Boy is wearing a magician’s cape his grandma made. On his head, an adult-sized pair of white, fuzzy earmuffs. He’s shouting to no one in particular, as if to warn the village.

I know what’s next. He turns to me and whispers: You be the storm, OK?

With that, he stretches the earmuffs across his little round belly so that there are two white balls on each side of his torso. This is his “magic belt.” He touches each ball and shakes like a rocket about to take off, then makes a SSSSHOOOOOOO sound and runs to the far corner of the room, preparing for battle.

We didn’t teach him any of this.

I do a pretty decent storm. I spin and wave my arms around and blow and look menacing. I’m not sure where else to go with it.

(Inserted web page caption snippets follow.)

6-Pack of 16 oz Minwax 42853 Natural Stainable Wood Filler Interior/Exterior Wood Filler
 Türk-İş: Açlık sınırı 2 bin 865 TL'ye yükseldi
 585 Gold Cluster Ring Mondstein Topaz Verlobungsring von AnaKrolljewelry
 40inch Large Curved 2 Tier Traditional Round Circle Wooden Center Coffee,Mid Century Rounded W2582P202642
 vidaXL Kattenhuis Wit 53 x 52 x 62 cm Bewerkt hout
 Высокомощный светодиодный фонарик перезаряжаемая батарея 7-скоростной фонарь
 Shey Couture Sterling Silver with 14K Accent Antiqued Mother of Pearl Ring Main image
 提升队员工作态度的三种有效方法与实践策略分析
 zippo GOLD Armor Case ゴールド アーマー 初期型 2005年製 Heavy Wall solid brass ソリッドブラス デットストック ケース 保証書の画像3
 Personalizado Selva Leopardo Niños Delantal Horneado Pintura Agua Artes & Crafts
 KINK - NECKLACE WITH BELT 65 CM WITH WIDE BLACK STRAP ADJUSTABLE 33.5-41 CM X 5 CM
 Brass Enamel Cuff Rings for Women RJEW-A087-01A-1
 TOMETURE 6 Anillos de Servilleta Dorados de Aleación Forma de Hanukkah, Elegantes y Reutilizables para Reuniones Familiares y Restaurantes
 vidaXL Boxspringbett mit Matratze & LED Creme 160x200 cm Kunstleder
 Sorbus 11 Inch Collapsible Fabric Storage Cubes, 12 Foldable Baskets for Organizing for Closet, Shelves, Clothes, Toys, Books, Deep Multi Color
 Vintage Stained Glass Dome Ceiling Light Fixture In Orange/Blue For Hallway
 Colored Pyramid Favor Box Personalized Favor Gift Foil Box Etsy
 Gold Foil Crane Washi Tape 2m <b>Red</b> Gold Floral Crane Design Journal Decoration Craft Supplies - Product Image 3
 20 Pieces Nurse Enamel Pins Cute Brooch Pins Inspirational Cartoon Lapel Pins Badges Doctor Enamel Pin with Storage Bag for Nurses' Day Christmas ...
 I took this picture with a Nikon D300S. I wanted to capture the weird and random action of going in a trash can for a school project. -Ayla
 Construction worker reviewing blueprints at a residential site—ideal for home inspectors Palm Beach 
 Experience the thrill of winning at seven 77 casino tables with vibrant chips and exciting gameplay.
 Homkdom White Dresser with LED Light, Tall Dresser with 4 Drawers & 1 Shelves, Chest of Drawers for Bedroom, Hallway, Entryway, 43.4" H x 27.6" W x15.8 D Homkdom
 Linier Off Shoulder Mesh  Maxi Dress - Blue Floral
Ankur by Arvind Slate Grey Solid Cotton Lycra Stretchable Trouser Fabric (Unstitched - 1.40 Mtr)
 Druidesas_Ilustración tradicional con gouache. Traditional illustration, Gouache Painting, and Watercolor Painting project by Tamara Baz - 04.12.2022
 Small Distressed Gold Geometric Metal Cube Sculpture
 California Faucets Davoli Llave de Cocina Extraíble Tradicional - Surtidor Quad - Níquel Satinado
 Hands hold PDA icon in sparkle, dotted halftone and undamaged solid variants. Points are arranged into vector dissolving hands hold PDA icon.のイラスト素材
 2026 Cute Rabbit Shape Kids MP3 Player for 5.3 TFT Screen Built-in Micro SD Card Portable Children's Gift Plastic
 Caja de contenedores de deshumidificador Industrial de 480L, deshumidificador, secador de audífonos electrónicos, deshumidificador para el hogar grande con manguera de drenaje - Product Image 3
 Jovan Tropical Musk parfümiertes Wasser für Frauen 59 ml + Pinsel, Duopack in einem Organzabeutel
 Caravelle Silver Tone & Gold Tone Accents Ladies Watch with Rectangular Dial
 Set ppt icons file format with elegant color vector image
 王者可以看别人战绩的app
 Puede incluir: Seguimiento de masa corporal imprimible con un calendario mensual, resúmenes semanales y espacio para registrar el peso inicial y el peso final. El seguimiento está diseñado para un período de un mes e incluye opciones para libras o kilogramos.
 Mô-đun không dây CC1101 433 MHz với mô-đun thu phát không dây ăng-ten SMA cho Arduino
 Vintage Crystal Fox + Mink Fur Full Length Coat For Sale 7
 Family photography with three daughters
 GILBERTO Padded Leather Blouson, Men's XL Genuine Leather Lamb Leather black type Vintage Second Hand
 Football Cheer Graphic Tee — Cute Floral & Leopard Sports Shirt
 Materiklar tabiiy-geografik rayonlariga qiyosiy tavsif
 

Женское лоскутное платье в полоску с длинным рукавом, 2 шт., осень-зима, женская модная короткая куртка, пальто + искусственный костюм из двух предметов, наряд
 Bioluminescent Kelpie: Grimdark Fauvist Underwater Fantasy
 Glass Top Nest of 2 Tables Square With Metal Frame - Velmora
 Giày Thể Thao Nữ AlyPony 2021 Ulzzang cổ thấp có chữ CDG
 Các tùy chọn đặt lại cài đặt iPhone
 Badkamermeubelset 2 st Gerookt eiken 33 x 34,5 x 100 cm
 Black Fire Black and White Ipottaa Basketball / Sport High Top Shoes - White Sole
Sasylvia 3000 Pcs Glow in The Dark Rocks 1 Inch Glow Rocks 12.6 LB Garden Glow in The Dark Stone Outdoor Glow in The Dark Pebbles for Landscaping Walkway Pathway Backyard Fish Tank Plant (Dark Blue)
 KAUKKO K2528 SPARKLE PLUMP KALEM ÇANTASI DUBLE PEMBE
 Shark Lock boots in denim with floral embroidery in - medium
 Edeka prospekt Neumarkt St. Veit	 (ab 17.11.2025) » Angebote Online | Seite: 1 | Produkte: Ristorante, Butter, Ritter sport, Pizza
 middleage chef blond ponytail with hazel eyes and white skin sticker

Boy’s eyes flicker with the light of justice — or is it vengeance? — and there’s the flurry of his cape, and with a shout of “PUUUUNCH!!”  I, the storm, am dealt one decisive blow. It’s over.

I read somewhere that the unconscious purpose behind fathers wrestling and roughhousing with little boys is not to teach boys to fight, but to teach them how to stop. I think about that every day.

When I was a little boy, my dad got two pairs of boxing gloves — a big brown pair for him and a little red pair for me. He would walk on his knees in the living room and do that delicate dance: one part trying to get me to really hit him, one part trying to teach me control. I loved this, but it was hard. If I got bopped on the nose, or if I just got frustrated, it flipped a switch, and suddenly I was pummeling my dad, trying to go for his face. Sometimes he could calm me down; sometimes we just had to stop for a while. And one day I was just too big for it, and my dad hung up the gloves for good.

This is not just a problem for 4-year-olds. In college and for years after, my life revolved around karate, and it was the same thing. In that atmosphere of hitting and getting hit, many men reveal (or discover) their tipping points — some lose control gradually, in a frustrated escalation you can measure, but most lose it in an instant. You learn to recognize that little flicker in your sparring partner’s eyes, the one that says this just got personal, and when you see it, you stop everything. You have to.

I remember once, before Boy turned two and was still not perfectly sure on his feet, he suddenly got angry — I don’t remember why — and charged me from across the room, roaring, hands scraping the ground, like a gorilla. He moved like a blur. I had never seen anything like that in a human being, something so primal. Even now, when he’s sad, or disappointed, or surprised, it’s punctuated by a little punch or a kick — if not at me, then at the refrigerator, or the floor, or the world. In the best-case scenario, he’ll spend the next 20 years trying to reconcile that part of him, the part that feels aggression as one face of desire, that experiences no intense emotion without an accompanying low hum of violence, that knows that his body has its own will, its own way of expressing itself — an expression that is hard, not soft. That’s if things go well; if they don’t, he’ll wrestle with this his whole life.

Great effort, great discipline, great concentration, great action — I feel, for myself, that they can come from the same place as that aggression, that they can vibrate with that same low hum. They can be the cultivated version of that thing inside that’s always one ember away from exploding.

Usually, our little superhero is convinced that just one punch will fell the storm, and usually he’s right. But if it doesn’t — if the storm is busy talking on the phone, for example, or hanging up laundry — then the punches can come rapid-fire, in a barrage, and the storm needs to say something, or shout something, or hug the superhero tight through 18 different emotions until all is calm again.

Sometimes the storm gets punched in the groin. Hard. And as the storm buckles to the ground, our superhero stands hurt and confused by his own uncontrolled power, unsure what to do next. Maybe he sees, in that moment, how Papa is suddenly struggling to not be a storm, how much effort goes into just dissipating clouds. Maybe it’s too much to take in; maybe he doesn’t know what it means.

But I know the forecast.

Suit up, I want to tell him. You are the storm.